Ankara tren istasyonunda soğuk bir sonbahar
Aynı gün, aynı soğuk
Sene-i devriyesini kutluyorum ölümümün
Keyfim yerinde hazan yapraklarının üzerinde
Tren istasyonunda telaşlı bekleyişim, sanadır
Efkarı saltanatım bir yıldır buradadır.
Ankara tren istasyonunda hüzün bakışlı ağaçlar
Aynı gün, o gün ölüm vardı, bugün düğün
Seni unutmamı kutluyoruz hiç kimseyle
Kalabalık bir hiçsellik hükmünü sürmekte
Yazık olmuş öldüğüme, bugün başımda kar…
Öldüysem, yaşamıyorum sanma
Kar yağdığında can bulur kardelenler…
Ankara tren istasyonunda yalnızlık sabittir
Aynı gün, aynı soğuk, farklı beklentiler
Sene-i devriyesinde sen terk etmiyorsun, ne mutlu
Keyfim yerinde, dilimde sevinçli bir türkü
Ne yapsak ne etsek, gelmiyorsun bir türlü
Kar diniyor, Ankara tren istasyonunda
Güneş doğuyor biraz hüzünlü, ağlar gibi
Bilirsin kardelenler kar yağdığında can bulur
Güneş doğar, sene-i devriyede solar gider, kardelenler…

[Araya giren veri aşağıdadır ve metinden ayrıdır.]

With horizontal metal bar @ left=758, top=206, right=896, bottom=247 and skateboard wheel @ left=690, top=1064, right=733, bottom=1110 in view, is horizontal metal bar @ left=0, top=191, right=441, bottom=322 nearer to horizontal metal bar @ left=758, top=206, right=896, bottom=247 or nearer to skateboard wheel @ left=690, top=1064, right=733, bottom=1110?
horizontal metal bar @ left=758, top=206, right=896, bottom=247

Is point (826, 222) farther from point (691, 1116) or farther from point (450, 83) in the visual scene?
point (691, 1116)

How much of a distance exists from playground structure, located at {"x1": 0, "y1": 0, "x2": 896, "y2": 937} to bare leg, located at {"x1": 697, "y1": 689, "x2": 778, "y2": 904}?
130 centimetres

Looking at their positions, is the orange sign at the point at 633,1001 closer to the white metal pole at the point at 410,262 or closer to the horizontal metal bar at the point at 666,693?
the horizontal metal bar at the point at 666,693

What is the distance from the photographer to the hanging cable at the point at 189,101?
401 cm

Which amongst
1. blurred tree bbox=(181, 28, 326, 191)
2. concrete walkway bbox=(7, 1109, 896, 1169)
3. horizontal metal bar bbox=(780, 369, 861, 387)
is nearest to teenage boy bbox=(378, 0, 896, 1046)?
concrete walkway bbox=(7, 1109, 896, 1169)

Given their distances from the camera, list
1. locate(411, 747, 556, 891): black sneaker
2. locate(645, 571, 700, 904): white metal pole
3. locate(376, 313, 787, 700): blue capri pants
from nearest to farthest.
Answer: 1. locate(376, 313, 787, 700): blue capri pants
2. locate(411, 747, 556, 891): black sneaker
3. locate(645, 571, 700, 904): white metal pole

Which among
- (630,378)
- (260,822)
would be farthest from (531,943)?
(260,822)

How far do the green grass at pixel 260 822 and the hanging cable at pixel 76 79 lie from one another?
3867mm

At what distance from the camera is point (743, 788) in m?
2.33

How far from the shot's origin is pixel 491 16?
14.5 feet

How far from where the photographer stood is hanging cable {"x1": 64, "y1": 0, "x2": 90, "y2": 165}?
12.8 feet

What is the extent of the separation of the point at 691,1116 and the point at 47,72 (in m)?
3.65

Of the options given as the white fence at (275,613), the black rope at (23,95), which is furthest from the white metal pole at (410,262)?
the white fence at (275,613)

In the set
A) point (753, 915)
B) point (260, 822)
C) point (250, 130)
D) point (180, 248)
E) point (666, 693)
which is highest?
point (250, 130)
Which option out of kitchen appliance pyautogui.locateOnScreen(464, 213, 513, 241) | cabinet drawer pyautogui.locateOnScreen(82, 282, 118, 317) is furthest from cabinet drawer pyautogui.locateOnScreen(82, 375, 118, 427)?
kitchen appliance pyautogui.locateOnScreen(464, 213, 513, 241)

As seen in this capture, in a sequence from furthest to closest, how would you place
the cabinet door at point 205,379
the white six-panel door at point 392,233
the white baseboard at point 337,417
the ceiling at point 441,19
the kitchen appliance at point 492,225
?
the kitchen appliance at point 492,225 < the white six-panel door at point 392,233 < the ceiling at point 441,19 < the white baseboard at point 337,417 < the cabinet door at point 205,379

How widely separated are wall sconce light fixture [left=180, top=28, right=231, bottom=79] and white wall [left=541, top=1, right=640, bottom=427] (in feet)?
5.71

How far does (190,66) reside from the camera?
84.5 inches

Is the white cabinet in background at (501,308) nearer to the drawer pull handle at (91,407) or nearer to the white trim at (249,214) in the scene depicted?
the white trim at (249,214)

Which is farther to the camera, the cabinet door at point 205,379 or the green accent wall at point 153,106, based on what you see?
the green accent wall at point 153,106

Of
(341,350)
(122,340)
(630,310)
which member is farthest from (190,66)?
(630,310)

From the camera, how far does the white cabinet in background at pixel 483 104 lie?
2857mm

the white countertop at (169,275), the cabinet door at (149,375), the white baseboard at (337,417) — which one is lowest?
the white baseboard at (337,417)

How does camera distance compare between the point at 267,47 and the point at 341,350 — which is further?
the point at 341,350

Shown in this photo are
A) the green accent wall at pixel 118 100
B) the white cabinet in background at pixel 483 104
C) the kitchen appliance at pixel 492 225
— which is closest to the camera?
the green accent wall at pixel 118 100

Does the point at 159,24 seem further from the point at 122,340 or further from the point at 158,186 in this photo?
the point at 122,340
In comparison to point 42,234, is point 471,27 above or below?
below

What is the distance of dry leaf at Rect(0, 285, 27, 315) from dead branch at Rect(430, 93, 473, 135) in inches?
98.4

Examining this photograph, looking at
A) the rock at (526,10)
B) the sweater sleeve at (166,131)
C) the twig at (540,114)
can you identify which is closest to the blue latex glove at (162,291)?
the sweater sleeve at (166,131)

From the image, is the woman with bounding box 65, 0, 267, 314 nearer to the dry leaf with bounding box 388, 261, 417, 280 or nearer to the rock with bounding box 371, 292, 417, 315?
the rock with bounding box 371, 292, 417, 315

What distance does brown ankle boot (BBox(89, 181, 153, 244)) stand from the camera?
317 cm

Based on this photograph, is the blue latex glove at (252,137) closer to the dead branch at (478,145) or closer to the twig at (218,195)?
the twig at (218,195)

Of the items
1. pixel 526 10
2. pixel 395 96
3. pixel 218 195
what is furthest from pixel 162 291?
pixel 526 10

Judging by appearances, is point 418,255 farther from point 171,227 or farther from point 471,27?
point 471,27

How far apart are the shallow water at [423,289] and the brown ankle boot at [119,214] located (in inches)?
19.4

Uzat kimsesizliğimi, ağaçlarla beraber aynı yerdeyim
Aynı gün, aynı saat ve aynı soğuk
Bugün terk edilmedin, sevin gönlüm
Bir yılda tek değişmeyen yine yalnızlığın oldu
Gelsen, yine terk etsen
En azından, ikinci yılı değil de
Birinci yılını dolduruyormuş gibi üzülsem…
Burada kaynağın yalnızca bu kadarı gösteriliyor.